◆ **Image-text web data**

● ● ● ● ●

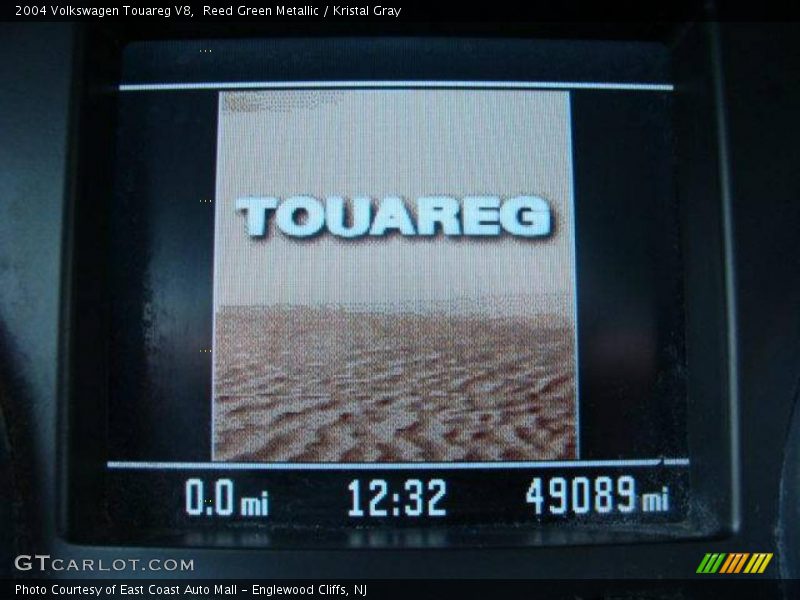 Reed Green Metallic / Kristal Gray 2004 Volkswagen Touareg V8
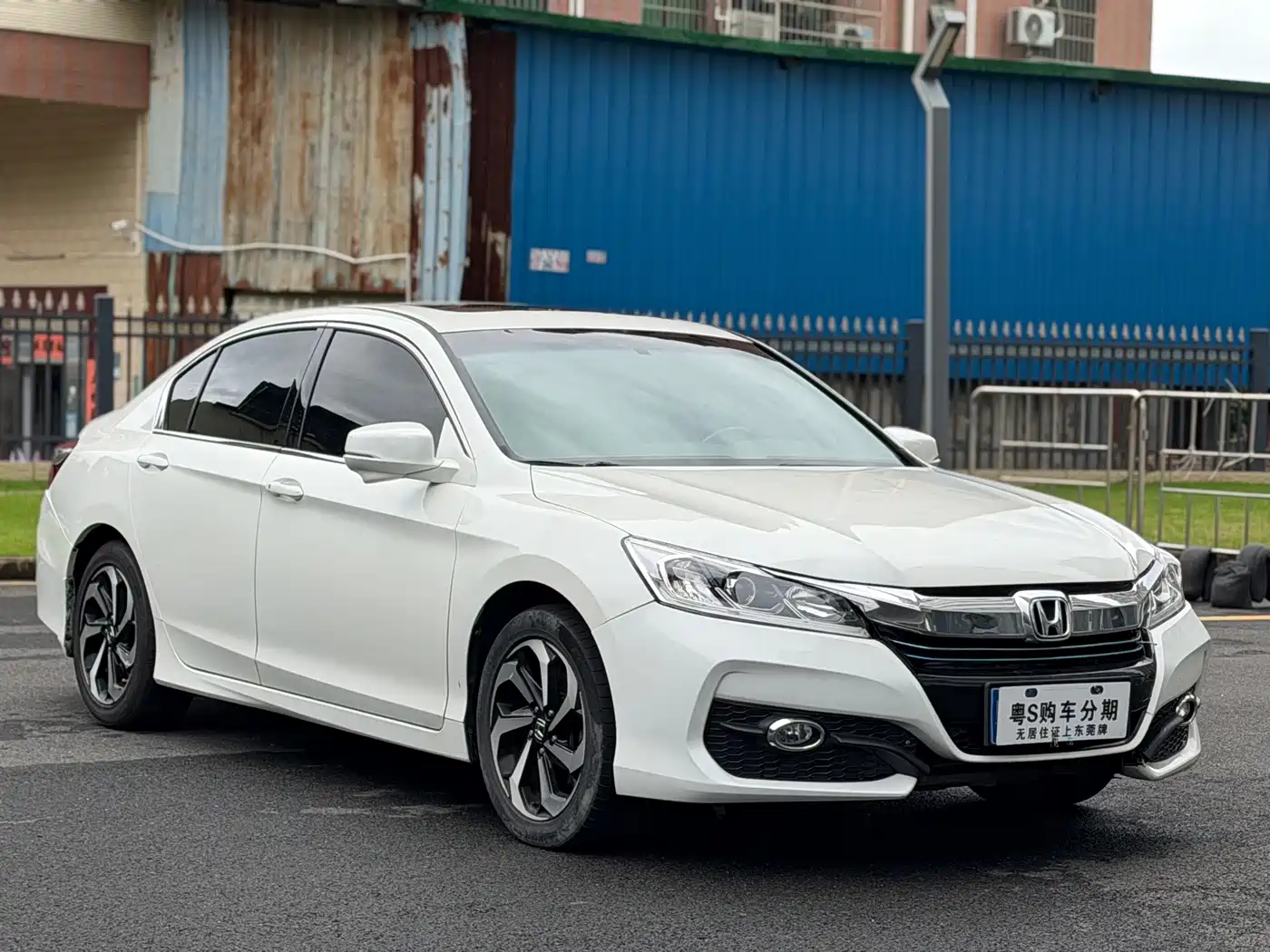 Фото 3 - Honda Accord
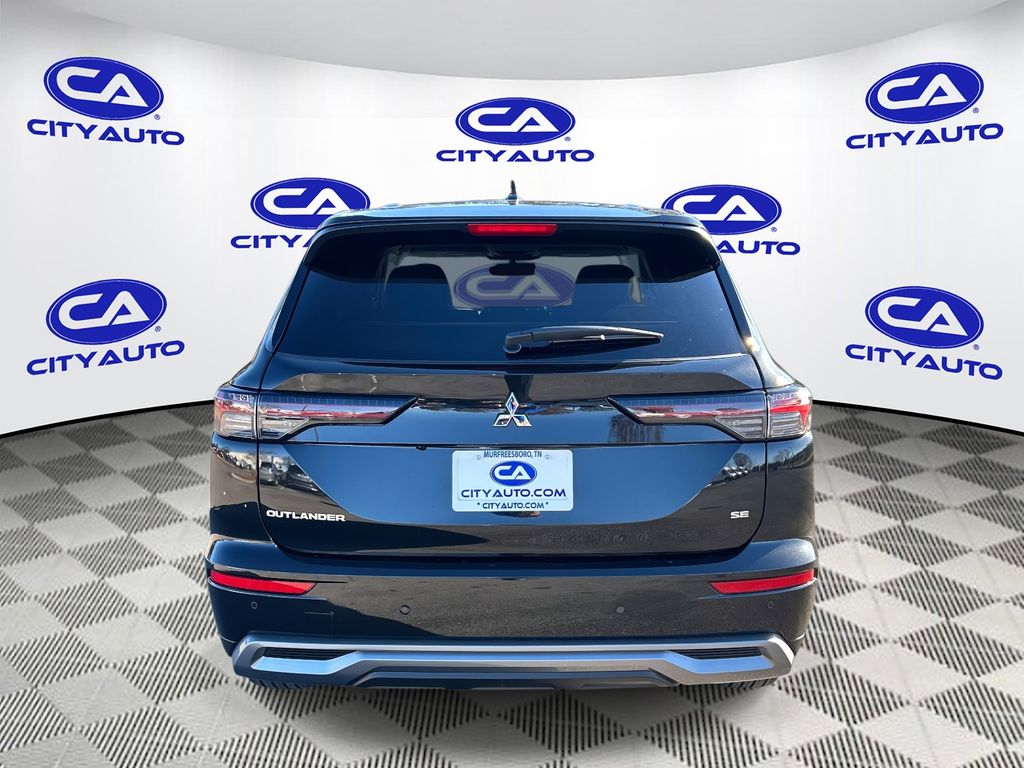 2025 Mitsubishi Outlander SE photo 2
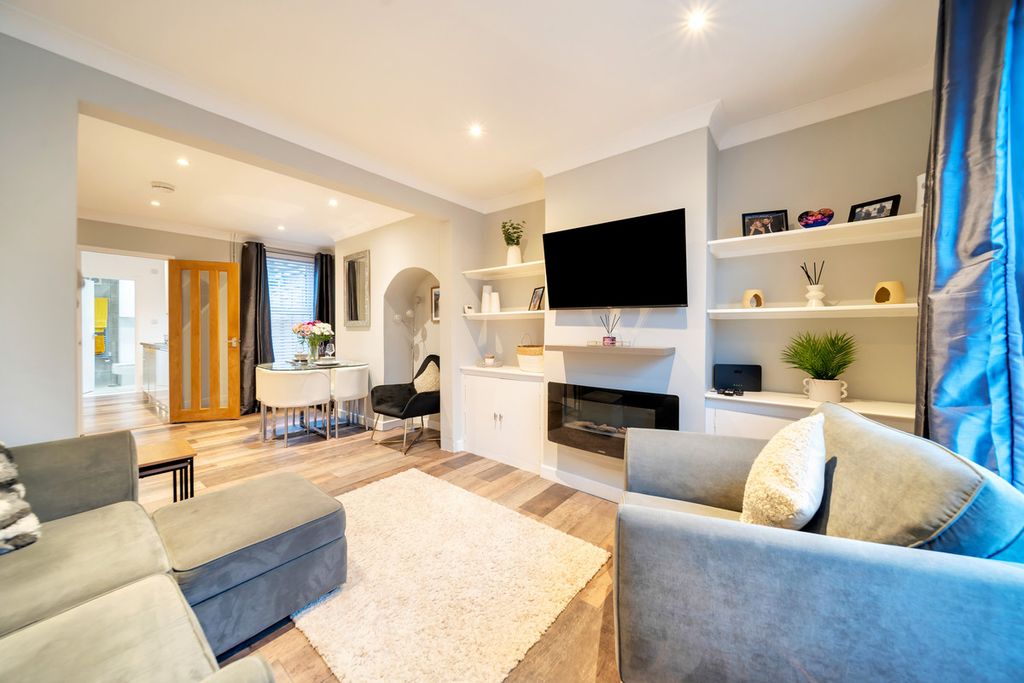 Property photo 2 of 12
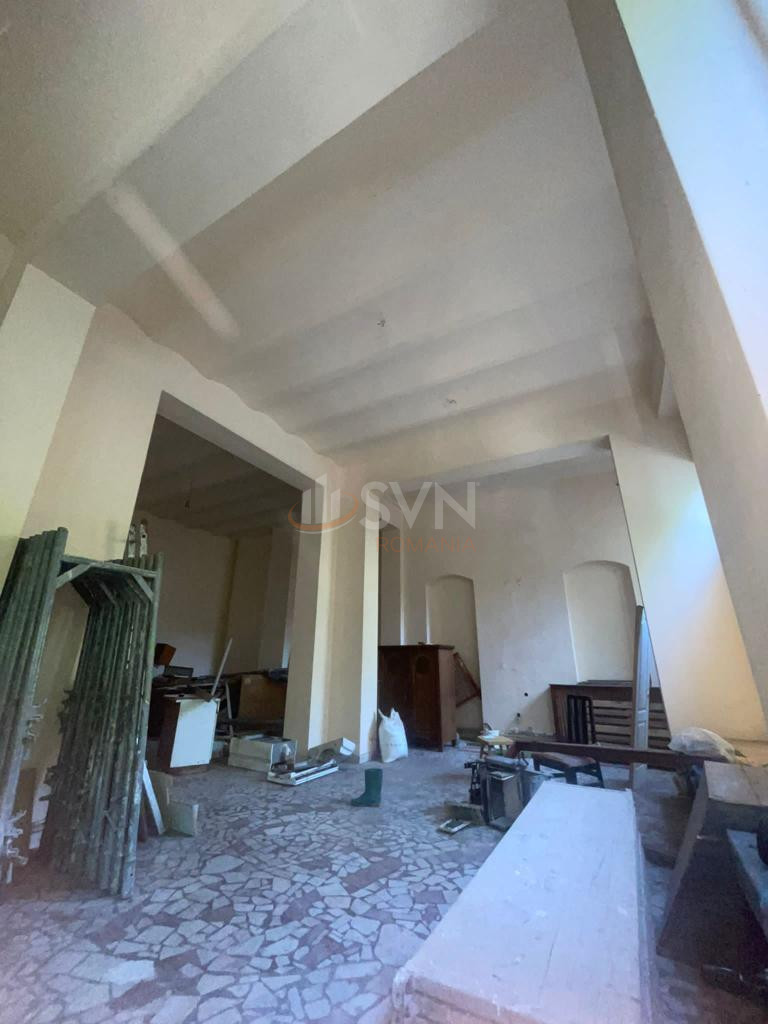Casa, 30 camere Bucuresti/Piata Universitatii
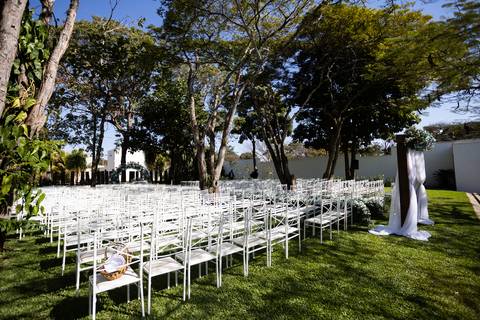 casamento-casa-fotografo-de-casamento-daniel-custodio-fotografias-noiva-noivo-madrinha-padrinho-vestido-make-cabelo-maquiagem-buque-mãe-pai-love-cerimonial-cerimonia-igreja-aliança-padre-buffet-DJ-familia-uberlandia-minas-gerias-brasil-foto-amor-brinde-'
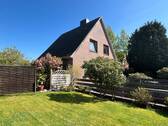 Haus und Vorgarten - 4 Zimmer Einfamilienhaus in Schenefeld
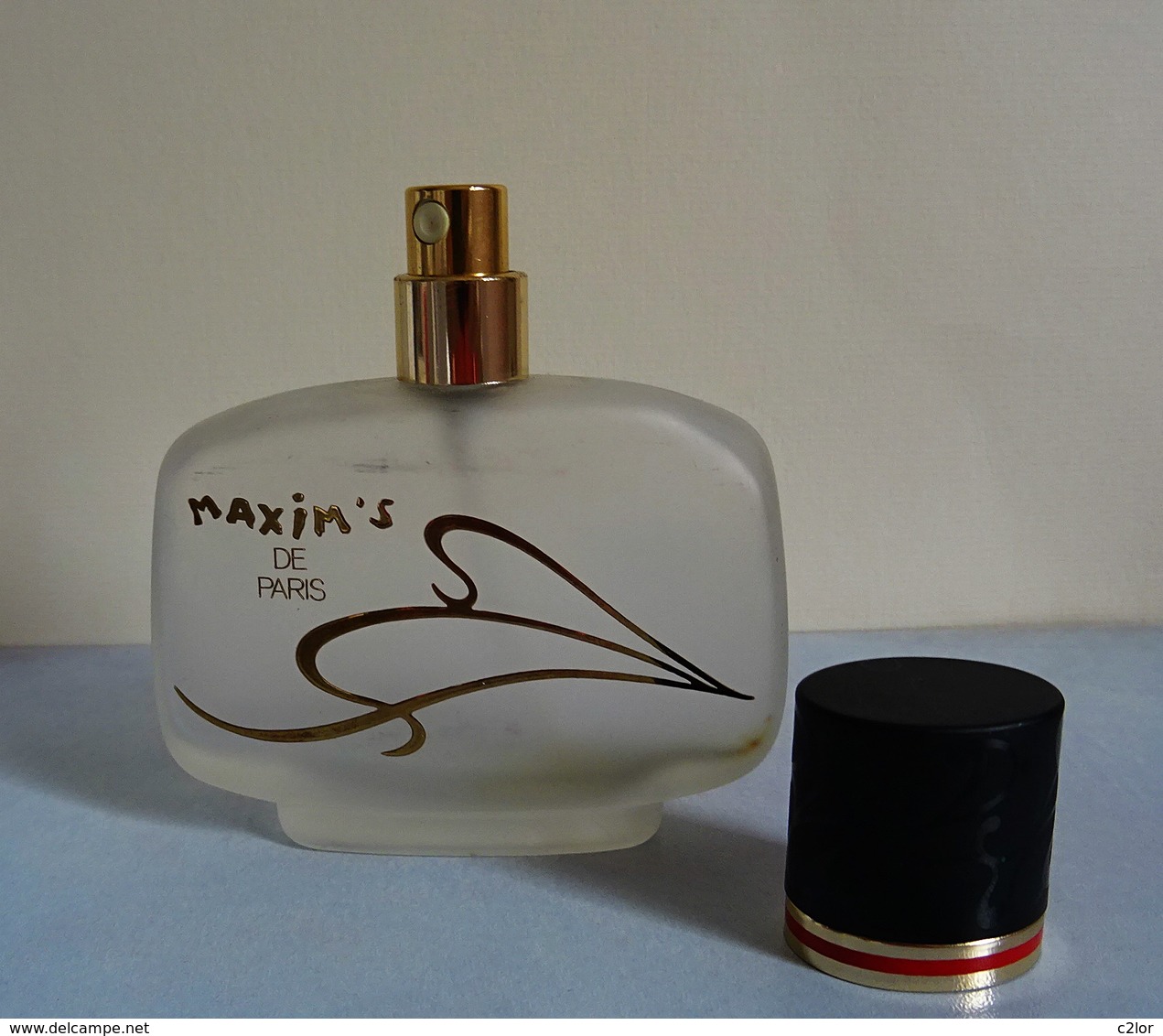 Flacon Vaporisateur  "MAXIM'S De PARIS " Eau De Toilette 50 Ml Pour Collection/décoration - Flacons (vides)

● ● ● ● ●

◆ **ASSIGNMENT**
Without the pictures, return the records above exactly as written.

◆ **YOUR RESPONSE**
 Reed Green Metallic / Kristal Gray 2004 Volkswagen Touareg V8
 Фото 3 - Honda Accord
 2025 Mitsubishi Outlander SE photo 2
 Property photo 2 of 12
Casa, 30 camere Bucuresti/Piata Universitatii
 casamento-casa-fotografo-de-casamento-daniel-custodio-fotografias-noiva-noivo-madrinha-padrinho-vestido-make-cabelo-maquiagem-buque-mãe-pai-love-cerimonial-cerimonia-igreja-aliança-padre-buffet-DJ-familia-uberlandia-minas-gerias-brasil-foto-amor-brinde-'
 Haus und Vorgarten - 4 Zimmer Einfamilienhaus in Schenefeld
 Flacon Vaporisateur  "MAXIM'S De PARIS " Eau De Toilette 50 Ml Pour Collection/décoration - Flacons (vides)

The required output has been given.